Fiorentino blends oblique with direct
AFORMER Winnipegger and current Montrealer, Jon Paul Fiorentino presents his best book as his worst, with the title Needs Improvement (Coach House Books, 88 pages, $18).
Fiorentino, who has also published prose, blends oblique statements with direct ones, to draw attention to the material qualities of language and how it shapes communicative expression, while still speaking straight: “Common paraplectic sorry / ruin and rune comma apology // I’m too old it happens / it happens.”
The education industry’s insistence on compliance and conformity, and how students who avoid bullying are bullied by the schools, find a foe in Fiorentino. One highlight of the book is a series of instructions for invigilating exams: “Existential angst should be instilled in students AT ALL TIMES. Meaninglessness MUST be insisted upon.”
Often funny and always irreverent, the writing makes sudden turns to sideswipe the reader. The poems in Needs Improvement don’t.
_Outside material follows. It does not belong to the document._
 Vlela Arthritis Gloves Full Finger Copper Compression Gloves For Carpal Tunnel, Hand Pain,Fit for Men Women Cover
Seven American Deaths and Disasters (powerHouse, 176 pages, $24), by New York’s Kenneth Goldsmith, consists of transcribed reports of events ranging in scope from the death of John Lennon to the World Trade Center attacks.
Goldsmith plagiarizes and reframes language, and owes more to visual artists like Andy Warhol and Marcel Duchamp than other poets. By writing about these deaths and disasters, many ofttreated in literature, through quoting the words of those reporting the original event, Goldsmith highlights the vampirism of artistic gesture while outstripping the realism that “more creative” authors seek.
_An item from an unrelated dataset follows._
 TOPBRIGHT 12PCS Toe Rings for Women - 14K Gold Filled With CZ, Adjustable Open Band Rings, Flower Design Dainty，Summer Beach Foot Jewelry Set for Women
Reframed poetically, as if chapters in an experimental novel, these transcripts overwhelm and devastate, a tidy counter-argument to those critical of conceptual poetry for its seeming inability to rouse or convey deep emotion.
Discussing the space shuttle Challenger disaster, a reporter notes that a young boy called the studio and “asked if the apple had anything to do with it.”
Christa McAuliffe, a schoolteacher who would have been the first American civilian in space, had been “handed an apple for the teacher” just before she boarded the shuttle. “This young listener said — did anyone check the apples?” A novelistic moment, absurd and crushing, that Goldsmith manages without writing one word.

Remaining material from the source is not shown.